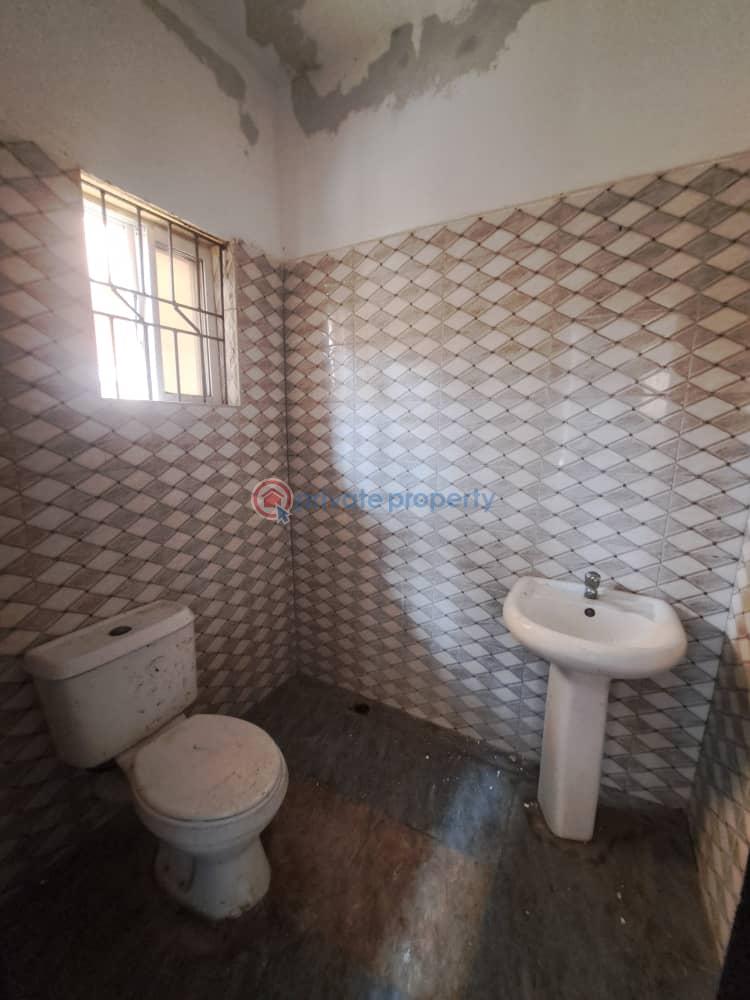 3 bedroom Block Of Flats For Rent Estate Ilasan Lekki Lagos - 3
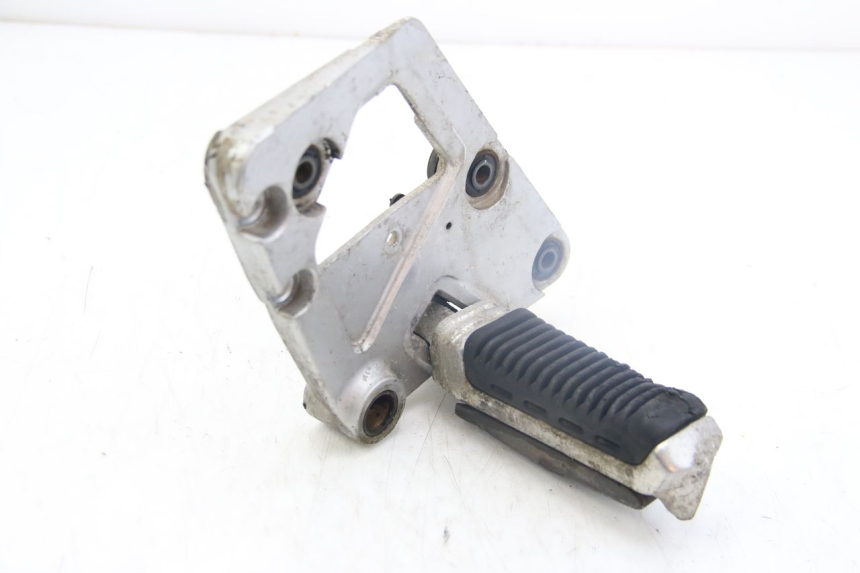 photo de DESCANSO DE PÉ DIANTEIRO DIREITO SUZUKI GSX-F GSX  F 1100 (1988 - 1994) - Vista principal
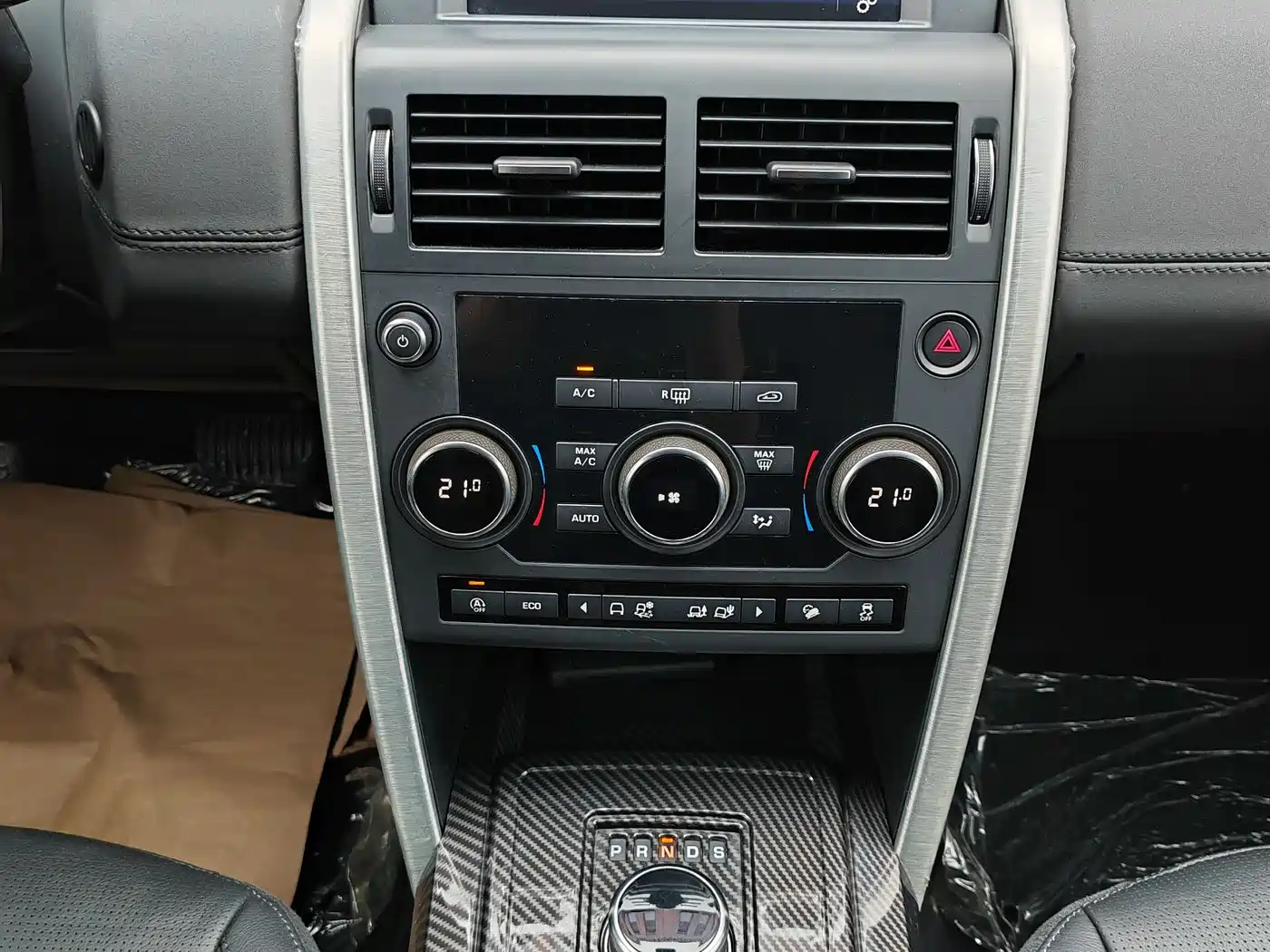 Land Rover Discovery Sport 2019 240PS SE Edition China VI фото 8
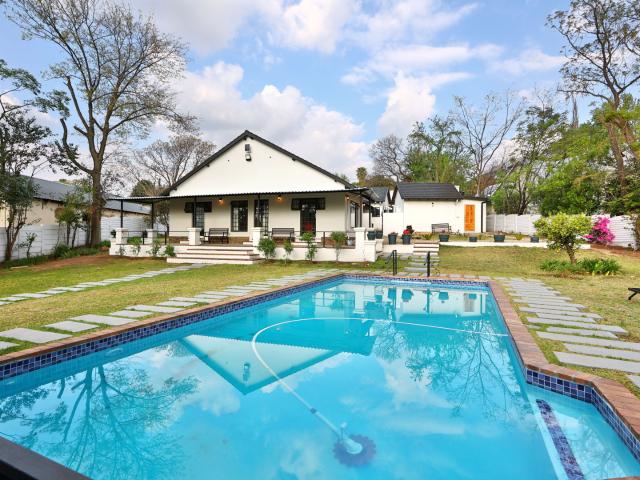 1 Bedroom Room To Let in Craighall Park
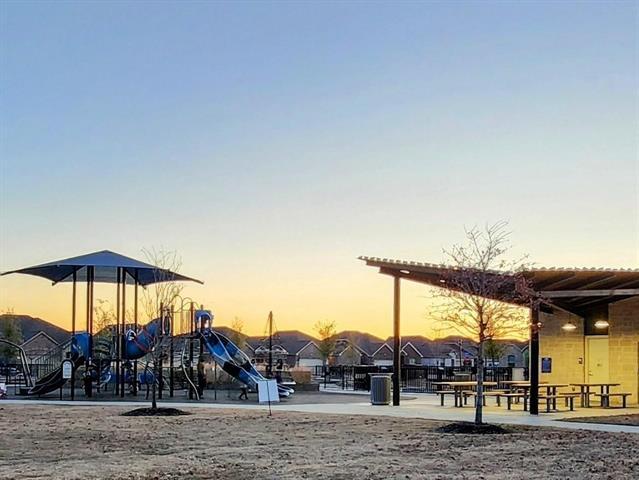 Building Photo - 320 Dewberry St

§

Task statement = Give back the whole listing as it stands, minus its pictures.

Completed task =
 3 bedroom Block Of Flats For Rent Estate Ilasan Lekki Lagos - 3
 photo de DESCANSO DE PÉ DIANTEIRO DIREITO SUZUKI GSX-F GSX  F 1100 (1988 - 1994) - Vista principal
 Land Rover Discovery Sport 2019 240PS SE Edition China VI фото 8
 1 Bedroom Room To Let in Craighall Park
 Building Photo - 320 Dewberry St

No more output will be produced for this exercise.